══ Information provided

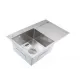 Chiuveta de bucatarie din inox alimentar SUS304 – BOHM BH7849LS SATIN 780 × 490 × 215 mm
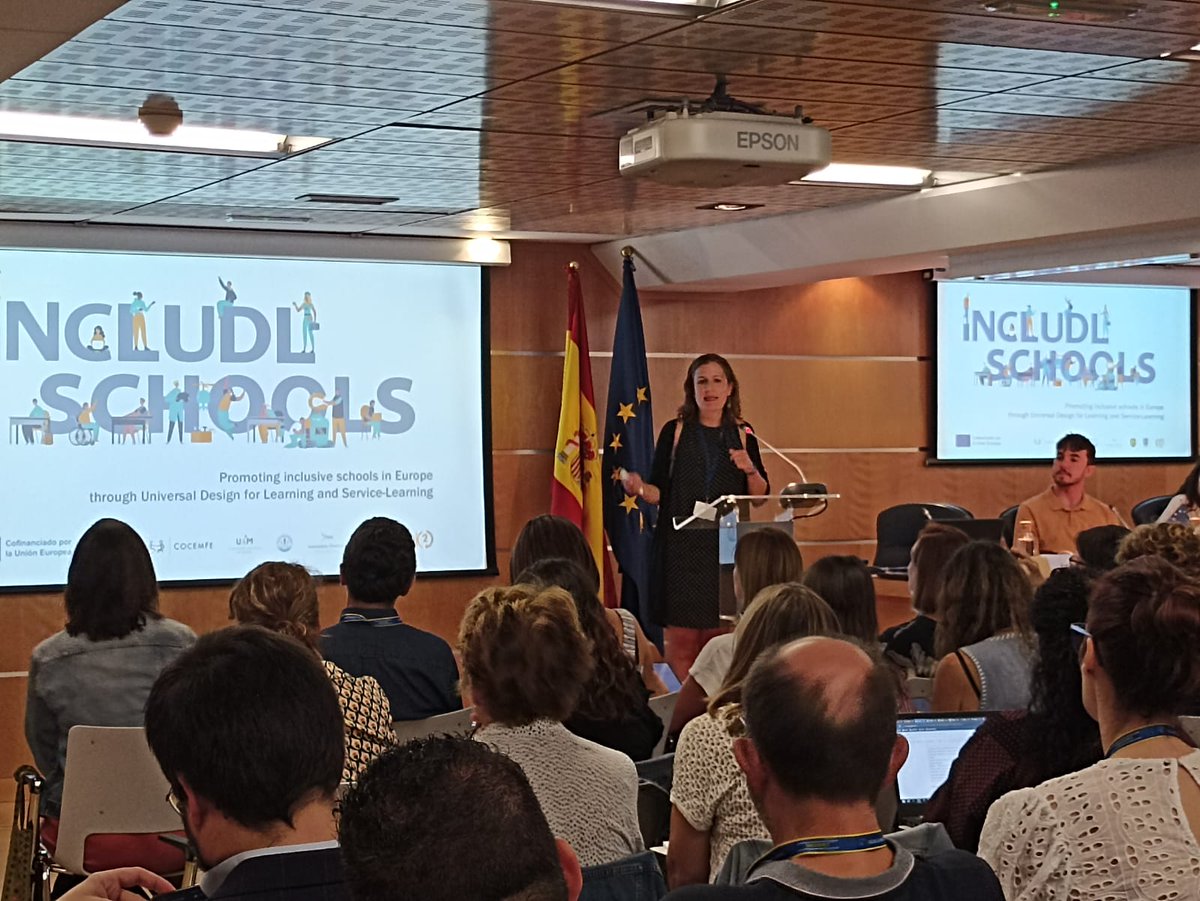 COCEMFEnacional's tweet photo. 🇪🇺Hoy estamos en la sede del @Europarl_ES con el proyecto #incluDLschools participando en el programa educativo Escuelas Embajadoras del Parlamento Europeo. 
#EducaCOCEMFE #ErasmusPlus  @sepiegob @Fundacion_ONCE @MSocialGob https://t.co/JYJcCqk47R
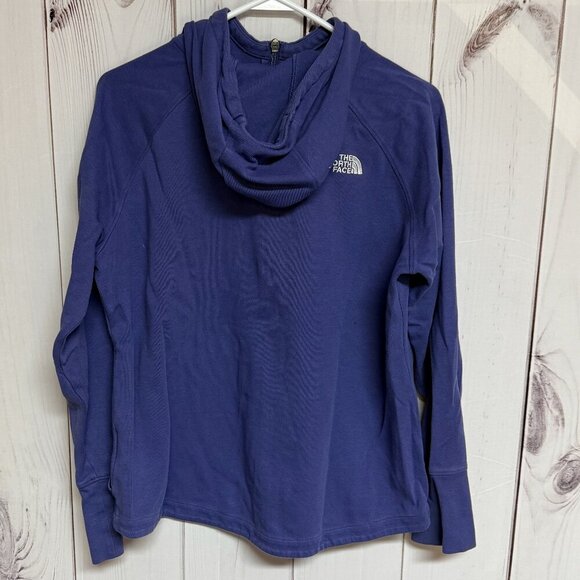 The North Face Full-Zip Hoodie Women’s XL Blue Casual Layer GUC - Picture 3 of 11
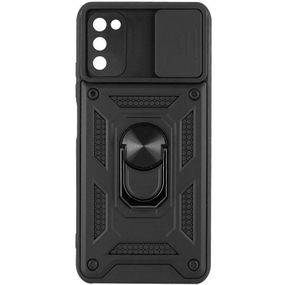 Чохол Ummi Camshield Serge Ring для Samsung Galaxy A03s Чорний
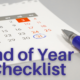 End of Year Checklist for Healthcare         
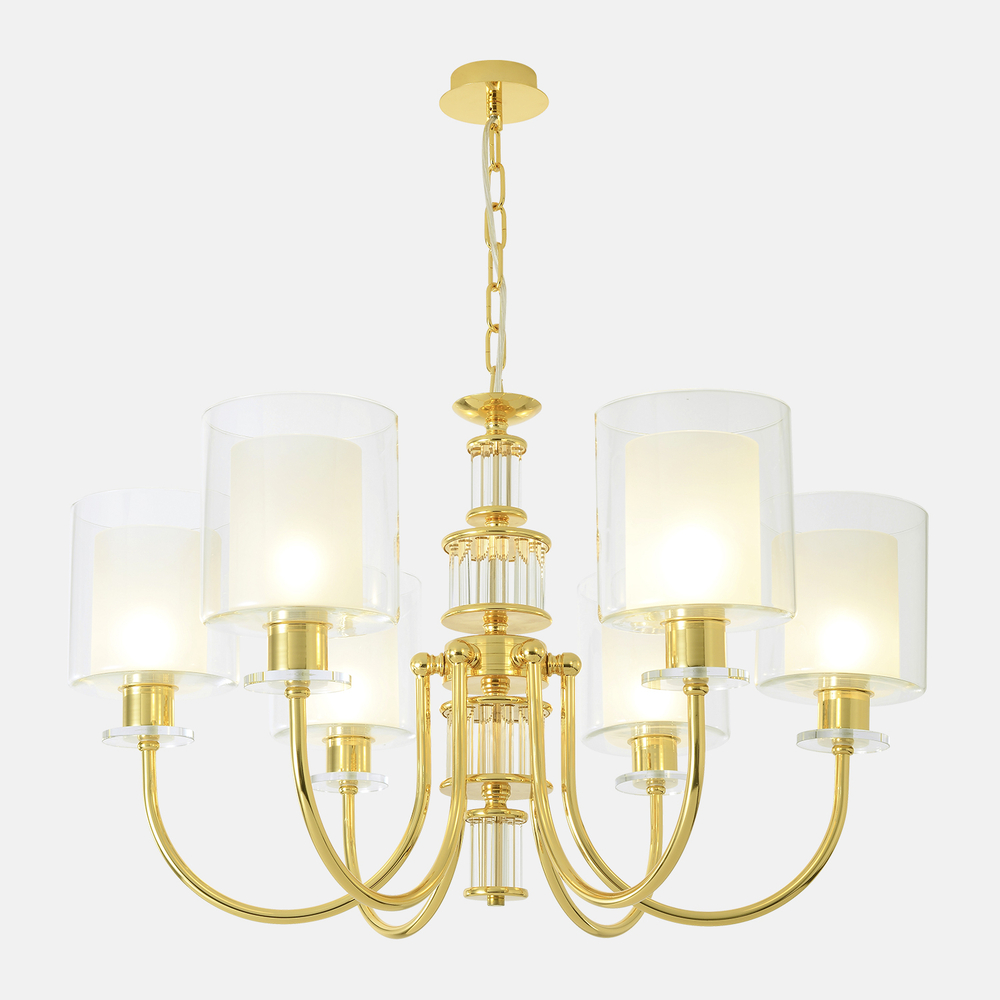 Люстра Crystal Lux ELENA SP6 GOLD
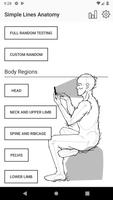 Simple Lines Anatomy पोस्टर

════

### Prompt
Set down, in exact form, only the lines that start at the one containing "The North Face" and finish at the last line of the material; pictures do not go in.

### Task answer
 The North Face Full-Zip Hoodie Women’s XL Blue Casual Layer GUC - Picture 3 of 11
 Чохол Ummi Camshield Serge Ring для Samsung Galaxy A03s Чорний
 End of Year Checklist for Healthcare         
 Люстра Crystal Lux ELENA SP6 GOLD
 Simple Lines Anatomy पोस्टर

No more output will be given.